© 2020 Strange Loop
Despite what you might think, successful large-scale cloud systems are not designed by an architect. Instead, they grow organically, failing in complex ways. However, by applying Chaos Engineering, you can prevent failures by detecting weaknesses before they do real harm.
Large systems evolve from successful, smaller one, an observation predicted by the branch of study known as systems theory. Systems theory also predicts that our systems will inevitably behave, and fail, in unforeseen ways. This talk will draw from the ideas of two very different systems theorists to demonstrate that neither quality architecture nor thorough testing can prevent our software from eventually exhibiting pathological behavior. The first is the safety researcher Sidney Dekker, who proposed a theory of "drift into failure" that describes how seemingly reliable safety-critical systems can still lead to accidents. The second is the late pediatrician John Gall, who coined the "Generalized Uncertainty Principle" about how all types of complex systems behave unexpectedly.

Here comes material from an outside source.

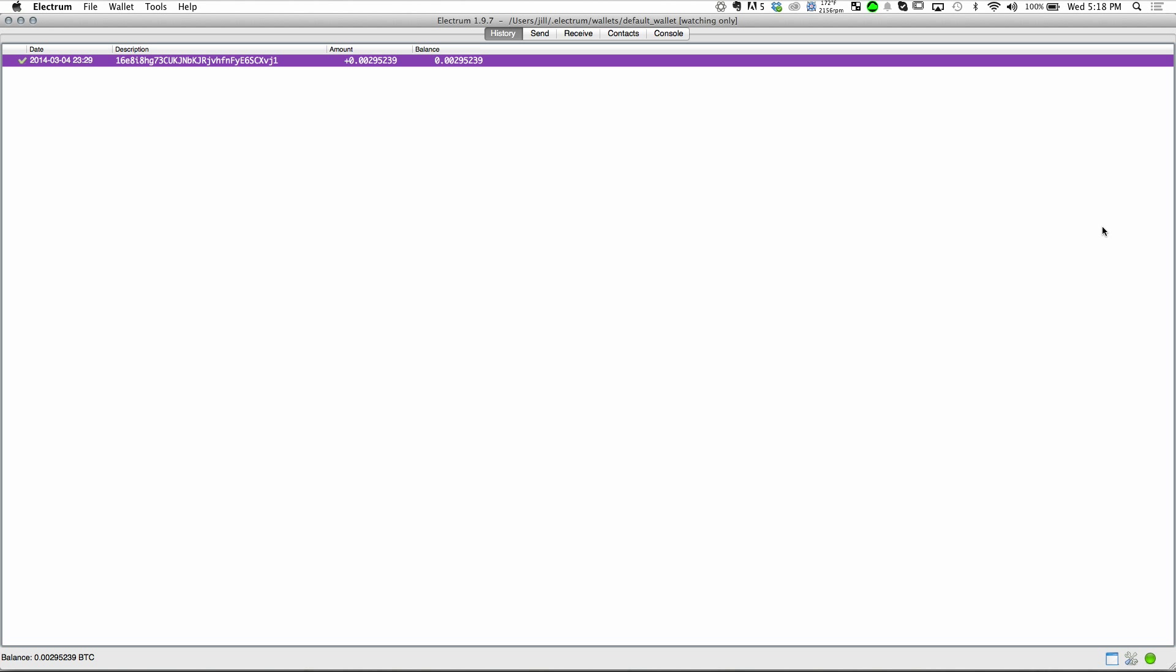Hello, and welcome once again to Coding in My Sleep. As usual, I'm your host, David Perry, and again, you are looking at my screen instead of my face. But don't run, I promise it'll be a lot easier this time.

Even though failure is inevitable, there is still hope. Chaos Engineering is an approach that can be used to identify system vulnerabilities before they lead to outages. This talk will cover how to design and run Chaos Engineering experiments, drawing examples from our experiences at Netflix.
Lorin Hochstein is a Sr. Software Engineer in the Traffic & Chaos Team at Netflix, where he works on ensuring that Netflix remains available. He was previously Sr. Software Engineer at SendGrid Labs, Lead Architect for Cloud Services at Nimbis Services, Computer Scientist at the University of Southern California's Information Sciences Institute, and Assistant Professor in the Department of Computer Science and Engineering at the University of Nebraska–Lincoln.